Correct. Workaround that fixes the issue for us until proper fix is released...
comment:13 by , 4 years ago
Hi all,
we're facing exactly same issue and came to exactly same workaround - stick around with old drivers. Good news though is that I have some decent contact to nvidia and technicians are currently looking into this
follow-up: 15 comment:14 by , 4 years ago
Hi all,
I contacted with NVIDIA and they have generated the problem at their side.
They also told me that issue is in DEV queue by July 31, 2020.
BR,
comment:15 by , 4 years ago
Replying to smallishzulu:
I contacted with NVIDIA and they have generated the problem at their side.
They also told me that issue is in DEV queue by July 31, 2020.
Hi,
any news in this?
-m
comment:16 by , 4 years ago
Latest update by a week ago from NVIDIA:
"Issue was fixed in future driver branch and complete testing cycle is going on.
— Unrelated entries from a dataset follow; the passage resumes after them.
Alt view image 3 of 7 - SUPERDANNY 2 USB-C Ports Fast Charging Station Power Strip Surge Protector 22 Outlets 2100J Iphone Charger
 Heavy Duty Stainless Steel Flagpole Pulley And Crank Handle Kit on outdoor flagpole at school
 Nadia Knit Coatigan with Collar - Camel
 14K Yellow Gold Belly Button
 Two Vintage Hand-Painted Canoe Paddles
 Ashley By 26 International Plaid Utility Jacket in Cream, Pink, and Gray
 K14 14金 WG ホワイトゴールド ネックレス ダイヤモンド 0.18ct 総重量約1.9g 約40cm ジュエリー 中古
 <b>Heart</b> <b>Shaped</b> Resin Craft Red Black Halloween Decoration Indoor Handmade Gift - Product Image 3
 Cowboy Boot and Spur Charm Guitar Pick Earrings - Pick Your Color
Stay tuned for further update on test driver release."
I am checking driver release notes. Currently not released in October driver files due to my tests & reads.
comment:17 by , 4 years ago
Latest update by a week ago from NVIDIA:
"Issue was fixed in future driver branch and complete testing cycle is going on. Stay tuned for further update on test driver release."
I am checking driver release notes. Currently not released in October driver files due to my tests & reads.
comment:19 by , 4 years ago
Resolution: | → fixed |
---|---|
Status: | new → closed |
It seems 460.32.03 driver with the date 7 January 2021 fixes the issue
comment:20 by , 4 years ago
Resolution: | → fixed |
---|---|
Status: | new → closed |
It seems 460.32.03 driver with the date 7 January 2021 fixes the issue
comment:21 by , 4 years ago
Resolution: | fixed → invalid |
---|
Additional Info;
If hw decoding (-hwaccel_device $GPULOWER -hwaccel cuvid -c:v h264_cuvid) and hw based scaling (scale_npp) is removed, you can run multiple sessions of above command with 430.x and 435.x drivers.